自転車の分解の手順は車種によって細部で違うが、多くの場合は車輪とフレームに分割する。近年では、自転車を分解することなく、小さく折りたためる折り畳み自転車を愛用する人も多い(主に小径車が多い)。輪行する人の多くが、少し高価ながらも小さくたためるタイプの折り畳み自転車か、元々分解しての運搬がしやすいロードレーサーなどを使用しているようである。
折り畳み自転車でも、安く買える、単に駐輪スペースを節約するのに折りたためるというタイプは折りたたんだ状態でもかなり大きいので輪行は困難である。ロードレーサーの場合は箱詰めして宿泊先に宅配便で送るという人もいる。折り畳み自転車の場合は宅配便の許容サイズには収納困難なので自分で持ち運ぶしかない。
ロードレーサーの分解・組み立てには工具が必要で慣れていない人はかなりの時間がかかる場合(初挑戦で半日かかったという報告あり)もあるので、未経験の人は事前に練習しておきたい。折り畳み自転車の場合は工具不要だが、やはり慣れていないと30分くらい掛かってしまう場合もあるので(慣れていれば5分で出来る)、ちゃんと練習しておかないと、目の前に乗りたい電車や飛行機が来ているのに間に合わない、などということになりかねない。
[編集] 鉄道による輪行
鉄道利用の場合、手回り小荷物に関する規則に準じる必要がある。「袋につめてさえしまえば問題がない為、ゴミ袋でも代用が可能である。」という考えも聞かれるが、同規則の「専用の袋」の使用という規定に抵触する。他の乗客への配慮などを考慮し、輪行袋をきちんと使うべきであろう。またインターネットの掲示板などで「自分は袋に入れずに持ち込んだ」などと公言する人もいるが、周囲の乗客の迷惑になっていることを自覚してもらいたい。
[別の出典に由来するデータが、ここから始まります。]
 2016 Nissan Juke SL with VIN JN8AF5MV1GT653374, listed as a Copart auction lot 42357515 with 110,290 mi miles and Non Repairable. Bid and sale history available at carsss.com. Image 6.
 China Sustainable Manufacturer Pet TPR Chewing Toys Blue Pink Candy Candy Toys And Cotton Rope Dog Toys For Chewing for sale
なお一部の路線では、時間帯を区切って自転車を(分解せずに)そのまま持ち込んでよいことにしている所もある。この場合、分解が容易でない通常のママチャリなどでも持ち込むことが可能である。
輪行時に自転車をどのように置くかについては、新幹線や特急などのクロスシートの電車の場合は最後尾の座席の後ろに置かせてもらうと最も邪魔にならない。ボックスシートやロングシートの場合はできるだけ端の座席にいた方がよいが、通勤用の座席の少ない電車の場合は出入り口近くのスペースに置いたほうが邪魔にならない場合もある。なお、マナーとして時間帯を調整してできるだけ混雑する時間帯を避けたいものである。
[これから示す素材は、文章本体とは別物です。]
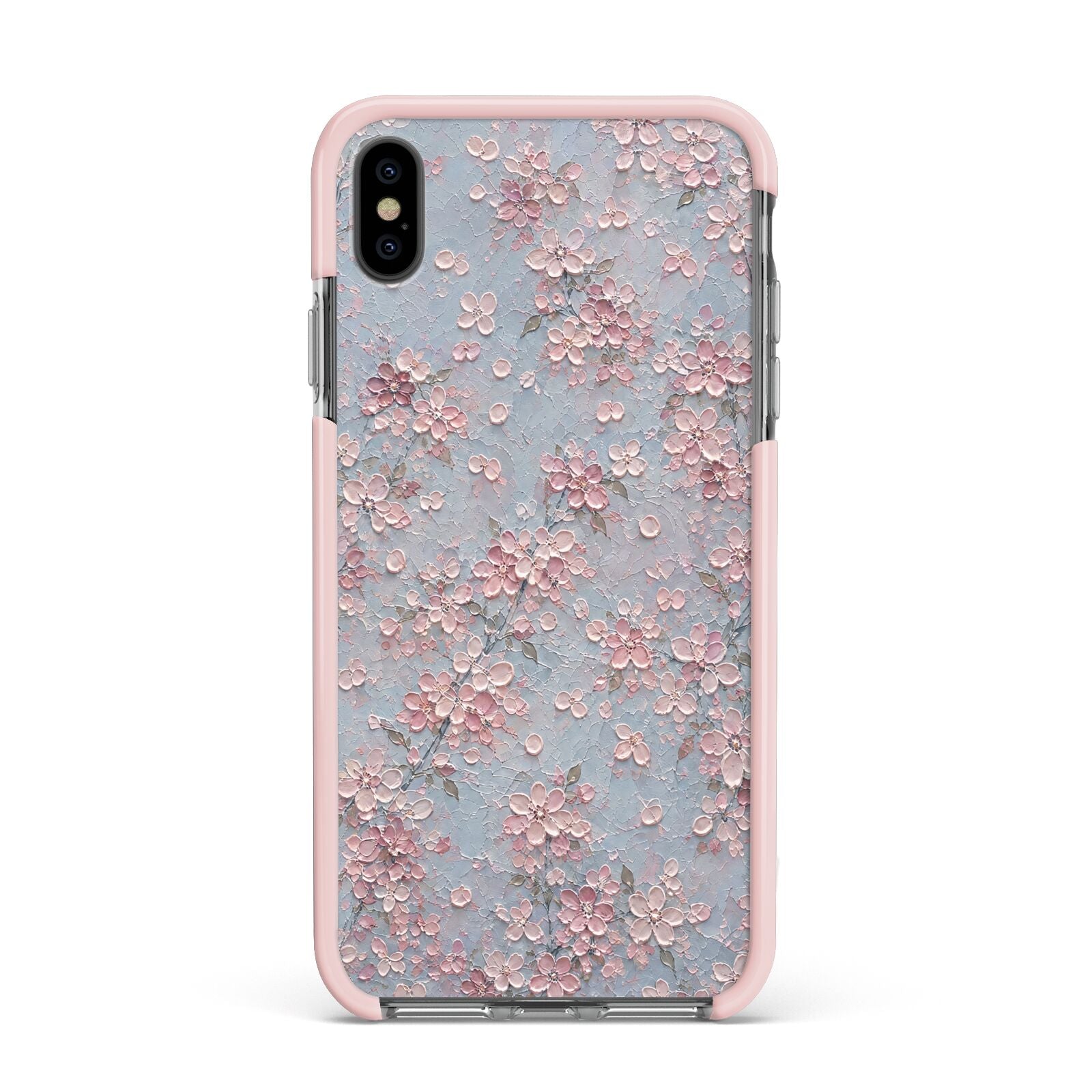 Blossom Haze Apple iPhone Xs Max Impact Case Pink Edge on Black Phone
鉄道に持ち込む場合に、JRグループ・営団地下鉄(現東京メトロ)の場合は1999年1月1日より手数料を取らず自転車を無料で持ち込めるようになったが、私鉄の場合は手荷物料金を取るところと無料の所とで対応が分かれている。手荷物料金はややもすると人間の運賃より高くなることがあるため、自転車愛好者の側からは「ぜひ無料で持ち込み可能にして欲しい」という働きかけをしている人達もいるようである。
ロードレーサーやマウンテンバイクを輪行する場合、前輪のみを外すタイプと、前後輪を外すタイプが存在するが、後者の方が小さいサイズで輪行することが出来る。電車の混雑状況や座席の配置・形状、車掌の判断により、前輪のみ外すタイプの輪行では乗車拒否されることがあるので、注意されたい。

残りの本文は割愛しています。